### Problem
Without the pictures, repeat all of the data exactly as it appears below.

### Dataset section
——————
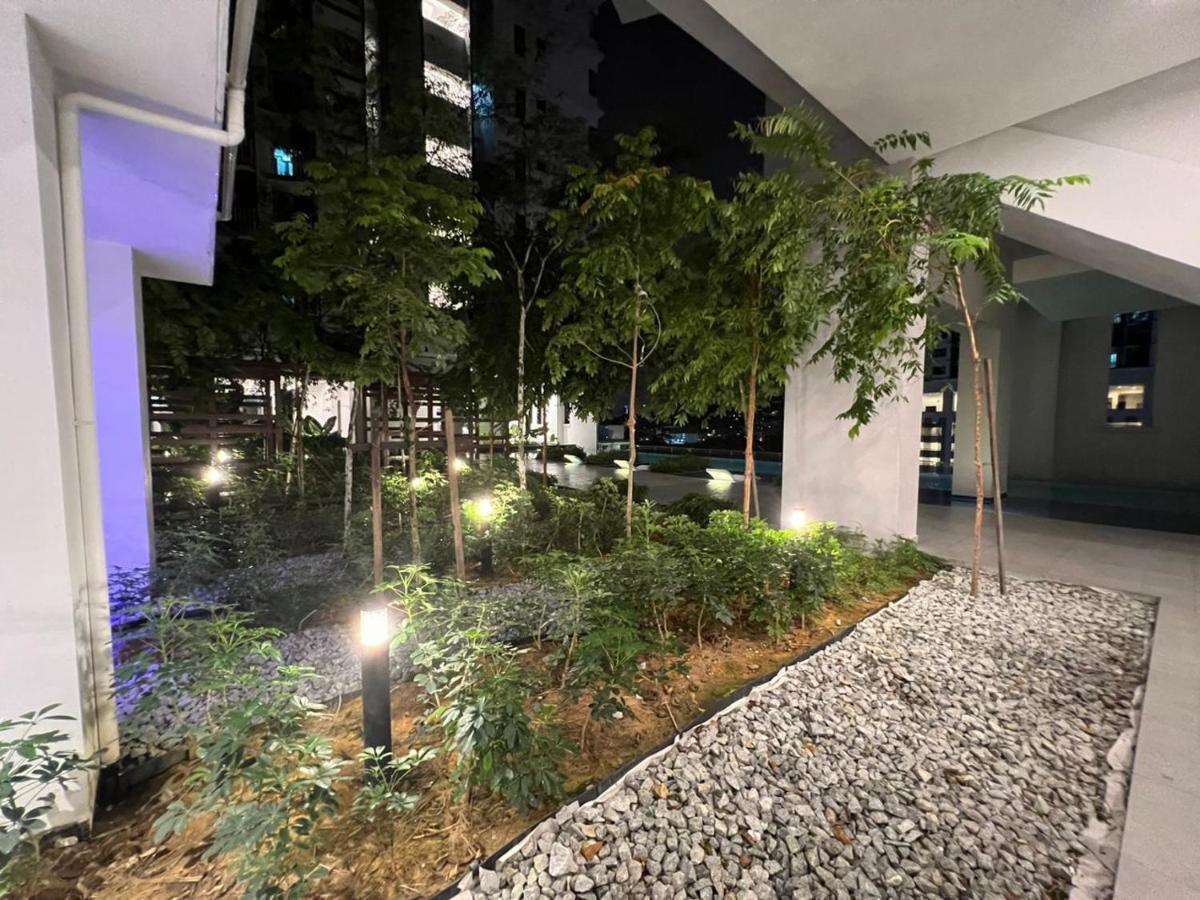Comfy Wifi Place @manjalara 5min To Desa Park Apartment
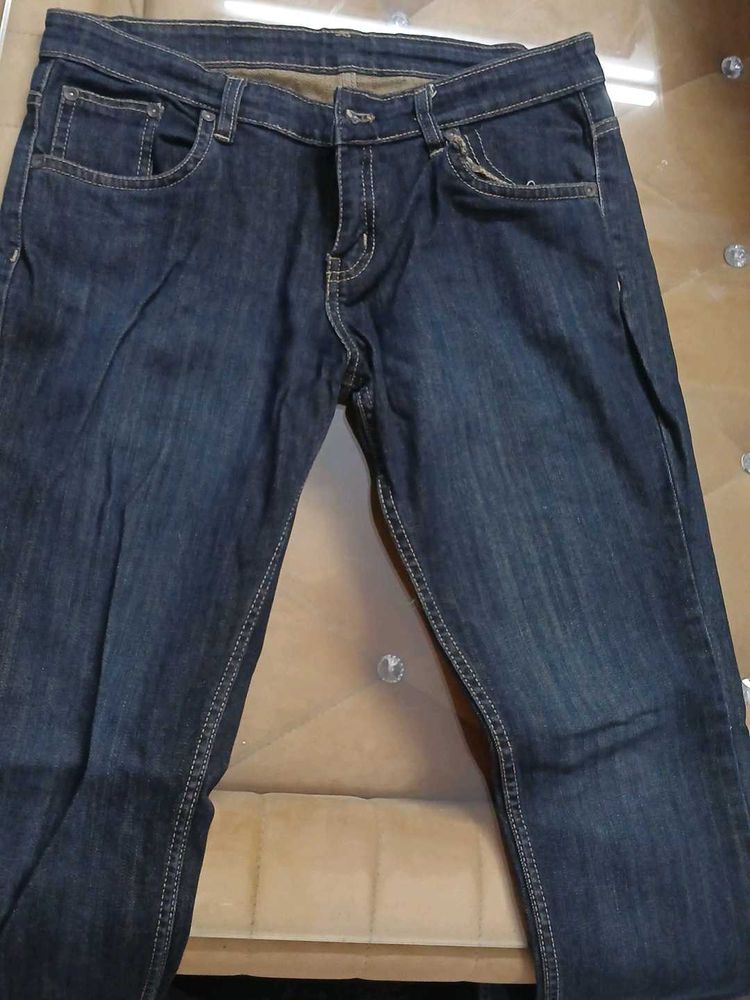 It's a Low Waist Blue Colored Women's  Denim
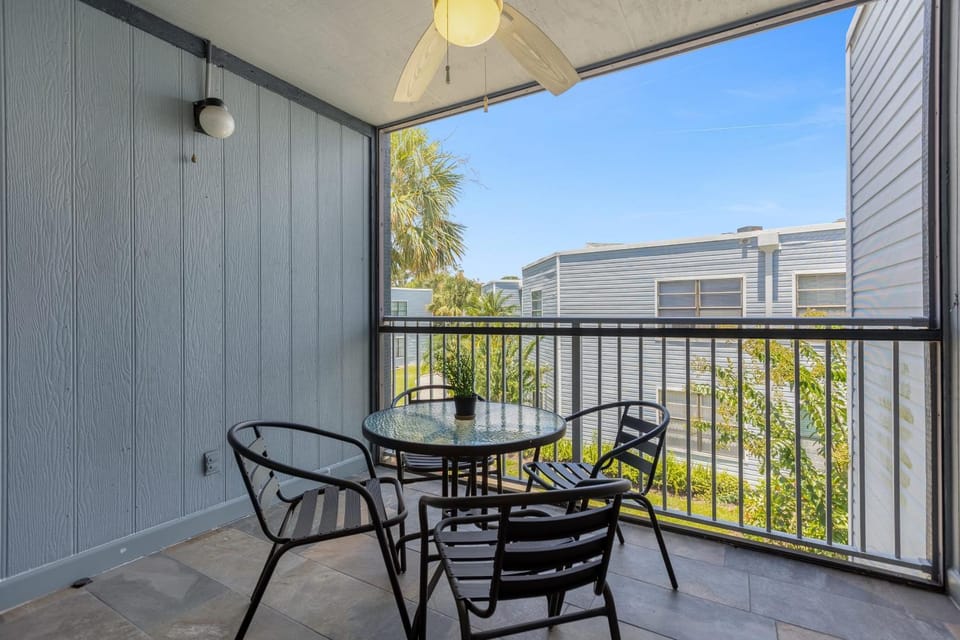 Property building, Pool view, Swimming pool, sunbed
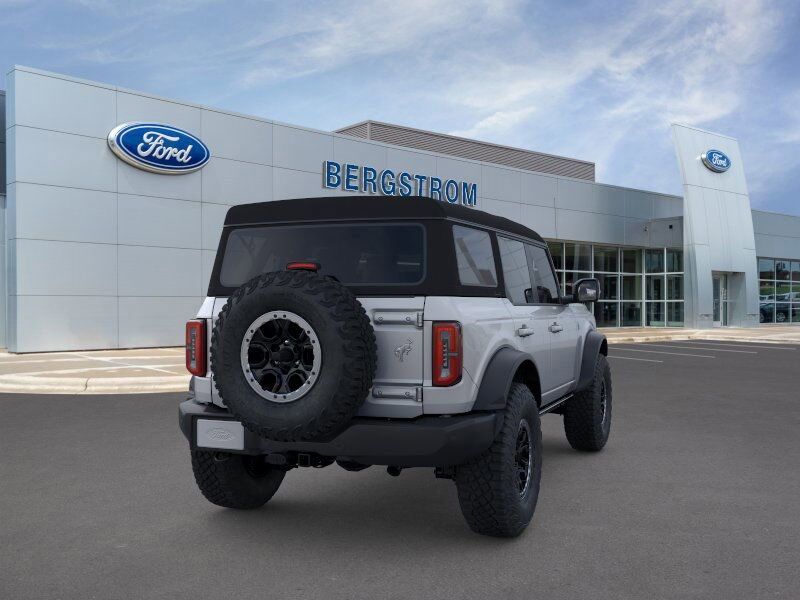 2024 Ford Bronco Outer Banks Green Bay WI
——————
### Answer for the task
Comfy Wifi Place @manjalara 5min To Desa Park Apartment
 It's a Low Waist Blue Colored Women's  Denim
 Property building, Pool view, Swimming pool, sunbed
 2024 Ford Bronco Outer Banks Green Bay WI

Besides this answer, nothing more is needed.